Don't Start the Revolution Without Me!
Page 21
One day, she was working the chow line, when who came through but somebody she knew—Governor Christie Todd Whitman from New Jersey. She recognized Terry and said, “What are you doing here?” Terry went, “Shhhhhh.” Christie moved on.
TERRY: I worked at the coroner’s site, mostly in food and also seeing people who had come to receive their benefits. At the four corners, there were little tents set up, and they were still bringing out bodies. The workers could come in and get masks and socks and gloves, eye drops, nose plugs, goggles, hand cream. And teas and coffee and granola bars and aspirin, and bandaids and mercurochrome. Anything they might need out there that they couldn’t just run and get.
I remember this one guy came in—I was all alone at the time—and I said, “Would you like some coffee or soup?” He said, “Yeah, maybe some soup.” Basically, his job was driving a little truck that had pieces of people that they’d found. The people in there identifying body parts—they’d work twelve or fourteen hour days. Sometimes they’d come up to me and just start spilling their guts. They’d get overwhelmed by it all. It was just so terribly, terribly sad.
We set up a huge toy shop. Kids could come in with their parents and get free toys and gifts for their families. It was all donated. They had buses bringing people in. The lines were tremendously long. As we would run out of toys, some mothers started stealing from other mother’s baskets.
But the Salvation Army taught me a huge lesson. When people would come to receive their benefits, they needed two pieces of identification, including a bill from their apartment. This one guy had nothing and he kept yelling at me, “I’d better get some money or I’m going to the press, I’m gonna say the Salvation Army is cheating everybody!” I got really furious. I said, “Just a minute. I have to go talk to my supervisor, because I don’t know how to answer your question.”
I told my supervisor, “This guy is clearly a scam artist, somebody needs to go out there and have him removed.” She looked at me and said, “Terry, think about this man. He lives in such an awful state of mind in his life that he’s coming here trying to take money away from real victims. If anybody needs help, it’s this man.” Then she went on, “Give him fifty dollars, some free bus tokens, tell him God bless, and send him on his way. I’ll bet you anything he’ll go away happy. It’s not worth causing a big scene.”
So that’s what I did. And that’s the true meaning of what the Salvation Army stands for, which is really what religion is supposed to be about.

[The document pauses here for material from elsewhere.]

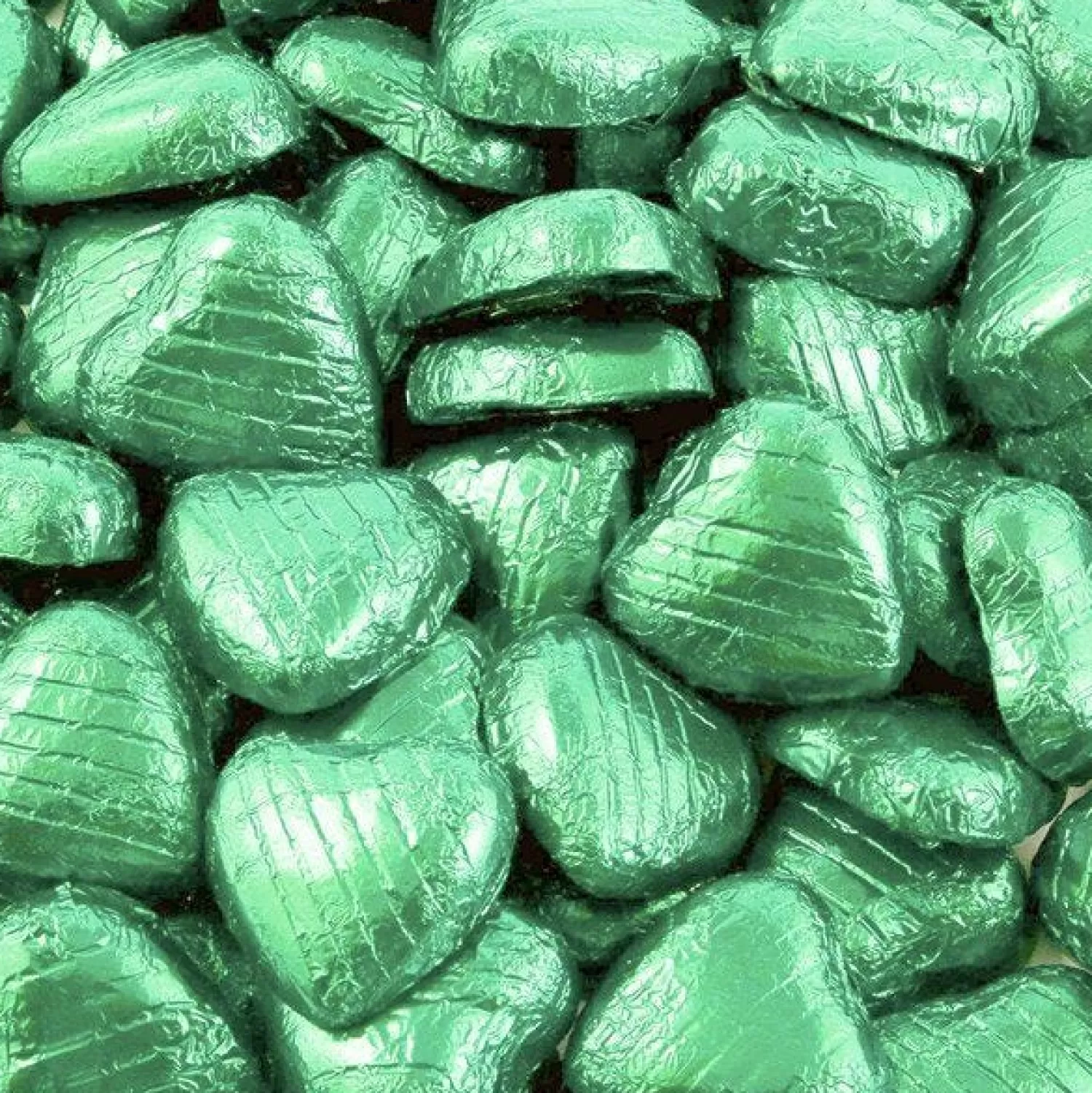 Shop Party Delights Green Foil Chocolate Hearts - 1Kg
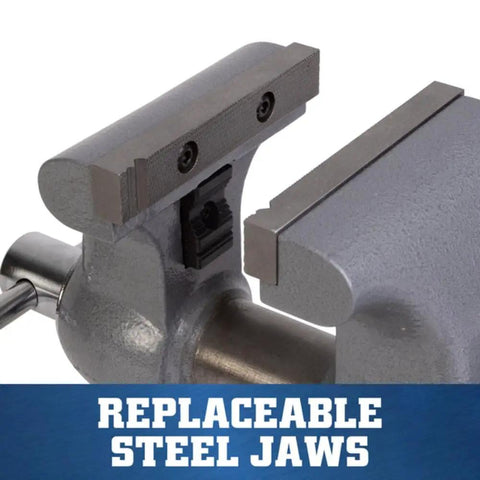Close-up of replaceable steel jaws on Rock Solid 6 Inch Heavy Duty Bench Vise Packing 9900 Lb Bite With Durable Steel Rails.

I never wanted to believe anything different than what we were told about what happened that terrible day. I didn’t really have any doubts at the time. Except for one: Having been in the military, the first question that arose in me, the very day of 9/11, was: Where were our jets? How could our air defense have failed so miserably?
What happened to Payne Stewart, the golfer who died in a plane crash, makes an interesting analogy. He took off in a private plane from a private airport in Florida and, within a half hour, the tower lost communication with the plane. Within another half hour, they had a fighter jet up on the wing. The jet’s pilot was able to ascertain that everyone in the cockpit appeared to be dead, because they were slumped over. It was later found to have been a mechanical malfunction that apparently killed everyone on board, and the plane was flying on automatic pilot. So the fighter jet just stayed with the plane all the way until it reached South Dakota and ran out of fuel. Of course, if it was going down in a metropolitan area, they would have blown it out of the skies. Since it went down in a wheat field, they let that happen instead.
Yet on 9/11, when you had four airplanes being hijacked roughly a half hour apart from each other, nobody from our military was up there. Maybe you could buy that the first plane snuck by the radar—but the ones after that? As governor I had been inside air traffic control, and you’ve got a dozen people there looking at these dials, watching every plane in their sector. They know what direction they’re supposed to be going in. And here were four hijacked planes turned directly opposite of their normal flight path. Yet no bells went off, no emergency sirens, no fighter jets scrambled until very late, and then without any coordinates for intercept.
There were brass at the Pentagon, according to MSNBC reporters, who were forewarned not to fly on 9/11, along with other prominent figures. The Pentagon had actually prepared for such an attack, since it was revealed as a target for a plane back in 1995. By 1999, they had cameras and radar on the roof to detect something like that, according to the Pentagon’s security director. They had an exercise for first responders in Arlington, Virginia, based on a plane crashing into the building. The breakdown in standard operating procedure on 9/11 was unprecedented, uninvestigated, and unaccountable.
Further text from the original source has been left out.